27.03.15
MPs call for new independent patient safety investigation body
A national independent patient safety investigation body should be established as soon as possible, according to a group of cross-party MPs.
The Public Administration Select Committee has called on the incoming health secretary after the election to “act immediately” on the issue. In a new report it said that the service is needed because of the scale of problems in the NHS.
The MPs said the current patient safety system was "too complicated" and "took too long".
It follows health secretary Jeremy Hunt backing the establishment of an independent patient safety investigation unit to rapidly investigate serious medical incidents in response to the Morecambe Bay report.
Bernard Jenkin MP, chair of the committee, said: “Ever since the Mid Staffs hospital crisis and the Francis Report, it has been evident that the NHS has urgent need of a simpler and more trusted system for clinical incident investigation at both local and national level.
“This was again confirmed by the Kirkup report into the Morecombe Bay baby deaths. There needs to be investigative capacity so that facts and evidence can be established early, without the need to find blame, and regardless of whether a complaint has been raised.
“Our proposals for a new investigatory body will help transform the safety culture of the NHS and help to raise standards right across the NHS. This proposal is widely supported and it should be taken up early in the new Parliament.”
The committee report notes that more than 10,000 serious incidents are reported to NHS England annually.
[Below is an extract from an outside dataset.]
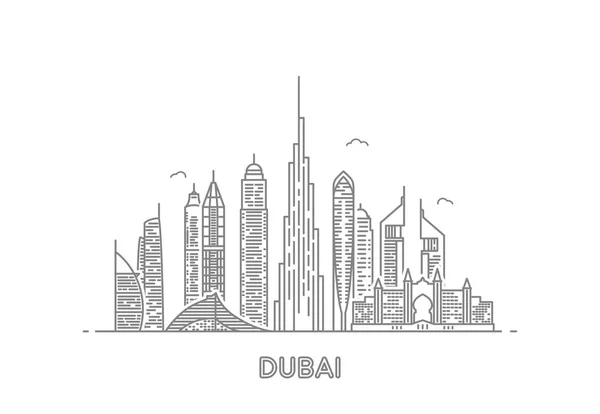 Dubai skyline cidade . — Vetor de Stock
There were 338 recorded "never events" (such as wrong site surgery) in 2013-14 and NHS England received 174,872 written complaints.
It continues to list figures, with the NHS Litigation Authority’s latest estimate of clinical negligence liabilities at £26.1bn and the cost of the Francis Inquiry into the Mid Staffordshire NHS Foundation Trust being £13.6m.
The committee says that the huge numbers involved in the overall work of the NHS – 15.8 million admissions to hospitals and 19.2 million A&E attendances in England the year to November 2014 –put those figures in context. However, it continues saying the overwhelming response PASC received to the inquiry is “an indication of the devastating impact of clinical failures when things do go wrong”.
The example of patient Gina is given to illustrate the point. She had to have her leg amputated following an accidental injection of disinfectant during a routine angiography at Doncaster Royal Infirmary in 2013.
The report says: “Patients and NHS staff deserve to have clinical incidents investigated immediately at a local level, so that facts and evidence are established early, without the need to find blame, and regardless of whether a complaint has been raised.”
It adds that there also needs to be a “clear effective central system for disseminating the lessons learned from local incidents across the NHS nationally”.
The committee is extremely critical of the current systems in place to investigate clinical incidents, saying they are “complicated, take far too long and are preoccupied with blame or avoiding financial liability”.
“The quality of most investigations therefore falls far short of what patients, their families and NHS staff are entitled to expect, and these failures compound the pain and distress caused to patients and their families by the original incident,” the MPs say.
The committee also raises serious questions about the capacity and capability of the Parliamentary and Health Service Ombudsman (PHSO) in relation to complaints involving clinical matters, because of the “lack of timely, local, independent investigative capacity”.
Jenkin said: “We embarked on this inquiry because we are aware of the considerable anguish and disquiet where PHSO investigations fail to uncover the truth, and of pain inflicted by the Ombudsman when it has been defensive and reluctant to admit mistakes. This underlines the need for improved competence and culture change around clinical incident investigation throughout the system, including in the PHSO but across the board.
“That change is urgently needed. Some of the PHSO’s shortcomings are systemic and can only be addressed through legislation, which is needed early in the next Parliament. However, unhappiness with the Ombudsman underlines the need for improved capacity for clinical incident investigations in response to complaints, long before they reach the Ombudsman. To that end, we are calling for the establishment of this new, independent national patient safety investigation body, funded by the Department of Health.”
According to PASC a new national independent patient safety investigation body should meet the following criteria:
- Be transparent and accountable directly to Parliament.
- Offer a safe space with strong protections for patients and staff, so they can talk freely and without fear of reprisals about what has gone wrong.
- Be independent of providers, commissioners and regulators, and so able to investigate whether and how the system as a whole was instrumental in contributing to clinical failure.
- Have the power to publish its reports and to disseminate its recommendations. It should be for the Care Quality Commission and other executive, regulatory and commissioning bodies to ensure they are implemented.
- Have its own substantial investigative capacity, so that it can lead by example, oversee local investigations and conduct its own investigations when necessary.
A spokeswoman for the PHSO said: “We will carefully study this report which raises important issues about the investigation of clinical incidents for the health system, as well as about our service.”